King, who has already drafted a bill that would do this, wrote to his colleagues that Republicans can amend the House rule in question with their majority—and thereby block any efforts by Democrats to fund Obama’s amnesty, and stop Boehner from eschewing blame from himself if that’s what happens.
Politico reported over the weekend that close allies of Boehner are worried about a coup attempt that may happen against him if Boehner caves in the end.
“Close allies of Speaker John Boehner are worried that his conservative rivals could move to oust him as soon as next week,” Politico wrote. “Removing a sitting speaker is exceedingly difficult, and such an effort would almost certainly fall short. Yet growing speculation about the possibility of it – coming after Friday’s embarrassing defeat at the hands of conservatives and House Democrats on the homeland security battle — shows how vulnerable the speaker has become.”
Politico detailed exactly what would have to happen for Boehner to be removed in the middle of a Congress, since he was barely re-elected at the beginning of this Congress.
“To remove Boehner from the speaker’s chair, a lawmaker would introduce a ‘motion to vacate,’ which an overwhelming majority of GOP lawmakers would have to back,” Politico wrote. “Republicans say that would never happen in the conference right now.”
While there aren’t any ongoing discussions among members right now about attempting to take down Boehner, that could easily change if the political environment around Obama’s amnesty—and the DHS funding bill that could either block it, or enable its implementation—gets murkier and bloodier, something very likely to happen in the coming days.
“Some of these 52 [Republicans who voted against the 3-week clean DHS funding deal] are more worried about protecting their own careers than protecting their constituents from ISIL,” one Republican lawmaker “close to Boehner” anonymously told Politico. “They are more worried about primaries than they are about the country. This is all aimed at Boehner. They want to take Boehner out.”
“It would take a big uprising to do something and right now, I mean, I think really, truly Boehner is a stabilizing force,” Rep. Lynn Westmoreland (R-GA), another member close to Boehner, told Politico. “We’ll see what happens. Next Friday will be a big day. Next week will be a big week. We’ll see what he can do.”
Boehner’s closest allies have been attempting to lay blame for the eventual funding of Obama’s executive amnesty on everyone from House Democrats to Senate Democrats to Senate Republicans—but it’s clear to everyone involved that all of this fight at the beginning of this year has all been for show, and the real cave happened when the so-called “cromnibus” passed the House in December.

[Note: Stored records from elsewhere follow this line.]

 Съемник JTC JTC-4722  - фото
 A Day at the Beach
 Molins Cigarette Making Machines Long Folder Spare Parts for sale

With the Senate still under Democratic control in that lame duck session, Boehner and his allies including House Appropriations Committee chairman Hal Rogers forced through a 1,771-page $1.1 trillion spending bill that funded all of government except for DHS through the end of September.

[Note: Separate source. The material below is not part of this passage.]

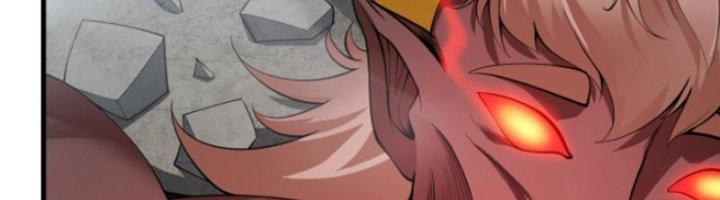 ẩn cư mười vạn năm, đời sau mời ta rời núi chapter 10 274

Not one member of Congress read that bill before voting on it, as it was impossible to do so based on the length of it in the short time frame they had to do so. But giving up leverage of the full government’s funding back then set the stage for this fight, and moving forward it’s going to be difficult for Boehner to explain that surrender when there were enough votes at the time for a clean CR until the beginning of the new Congress for the full government. The real question when all this is said and done is whether Boehner successfully prevents himself from being blamed—and whether he avoids accountability for enabling Obama’s executive amnesty.